Il se mit en conséquence à regarder attentivement la maison de Robert Briquet.

Puis de cette maison il passa à celle qui faisait son pendant.

Enfin, lorsqu’il les eut bien regardées l’une et l’autre sans s’inquiéter ou sans paraître s’inquiéter au moins de la façon dont le jeune homme au plumet blanc le regardait, il lui tourna le dos et revint aux rutilants éclairs des fourneaux de maître Fournichon.

Le plumet blanc, heureux d’avoir mis son adversaire en déroute, car il attribuait à déroute le mouvement de volte-face qu’il venait de lui voir faire, le plumet blanc se mit à marcher dans son sens, c’est-à-dire de l’est à l’ouest, tandis que l’autre s’avançait de l’ouest à l’est.
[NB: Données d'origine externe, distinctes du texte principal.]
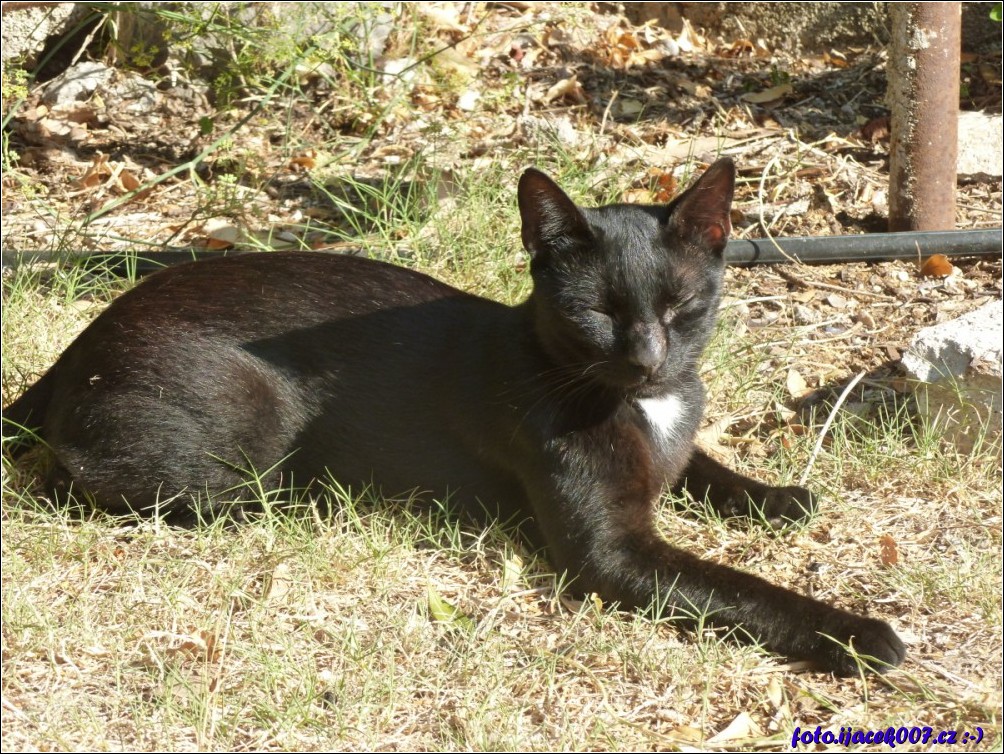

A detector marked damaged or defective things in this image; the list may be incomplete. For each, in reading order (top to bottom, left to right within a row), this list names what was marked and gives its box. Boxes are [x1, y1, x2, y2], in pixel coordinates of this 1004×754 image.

rusty metal post [891, 2, 959, 231]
Mais quand chacun d’eux fut arrivé au point qu’il s’était intérieurement marqué pour sa course, il se retourna et revint en droite ligne sur l’autre, et en si droite ligne que, n’eût été le ruisseau, Rubicon nouveau qu’il fallait franchir, ils se fussent heurtés nez à nez, tant la précision de la ligne droite avait été scrupuleusement respectée.